The German art world held its collective breath earlier this autumn when the new Art Berlin fair, a joint venture between the former rivals Maike Cruse, the director of the defunct Art Berlin Contemporary (ABC) fair and Daniel Hug, the director of the venerable Art Cologne fair, made its debut. If this new event, combining the ad-hoc daring of ABC with the polish and profits of a successful, long-standing fair such as Cologne’s, succeeded, it could solve Berlin’s intractable problem of being rich in artists and dealers, but lacking in a local market.
The Berlin conundrum
According to a city survey, in 2010 the German capital was home to more than 6,000 artists, including big names such as Olafur Eliasson, Monica Bonvicini and Katharina Grosse, with more arriving each year. At Art Basel, around 15% of exhibitors come from Germany, and over the past decade or so, most of them from Berlin. Those in the Rhineland, traditionally the collecting heartland, are privileged by their central location, never more than a day trip away from any gallery show or fair in Europe. Given the calibre of its schools, institutions, galleries, curators and collectors, as well as the strength of its economy, Germany should be a giant in the art market. But it isn’t: its share of the global art market is a scant 2% to 4%. It speaks volumes that, for all their international expansion, none of the mega-galleries—Gagosian, Hauser & Wirth, David Zwirner, Pace—has ventured into Germany.

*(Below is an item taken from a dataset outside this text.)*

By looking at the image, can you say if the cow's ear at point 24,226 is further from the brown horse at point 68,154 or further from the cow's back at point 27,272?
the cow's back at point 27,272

Yet these conditions have not stopped several fairs attempting to enliven the market, with varying degrees of success. Art Berlin, essentially an effort to transform the commercially unsuccessful ABC fair, was met with measured optimism. There were 33,000 visitors at Art Berlin (14-17 September), a slight increase over ABC’s figures. This month, however, marks the first edition of a new entrant, Art Düsseldorf (17-19 November), the second of a series of regional fairs, after India Art Fair, acquired by Art Basel’s parent company, MCH Group. Including Art Karlsruhe (22-25 February, 2018), which has more than 200 exhibitors, Germany now has four major Modern and contemporary art fairs. Can they all survive?
Regionalism Vs Globalism
Such fragmentation has worked against the German market in the past. In 2007, Daniel Hug recalls, the Frankfurt Fine Art Fair, Düsseldorf Contemporary and Art Brussels opened the same week as Art Cologne—and all three weeks after the debut of Art Karlsruhe. “This was a disaster of mega proportions—the fair had never experienced so few visitors”, Hug says, who has accused Art Basel of muscling in on his turf. “The difference today is that, unlike 2007, when Art Cologne was at a low point in terms of quality, the fair today has never been stronger.” With the spread in dates, he adds, “I don’t think the addition of Düsseldorf will have any direct impact.” Maike Cruse is more generous. “Generally speaking, every successful art fair in Germany is a good thing, because it supports the galleries,” she says. Whether via a fair or an event such as Berlin’s Gallery Weekend, which Cruse also heads up in April, she says, “Our goal is to strengthen the German market together.”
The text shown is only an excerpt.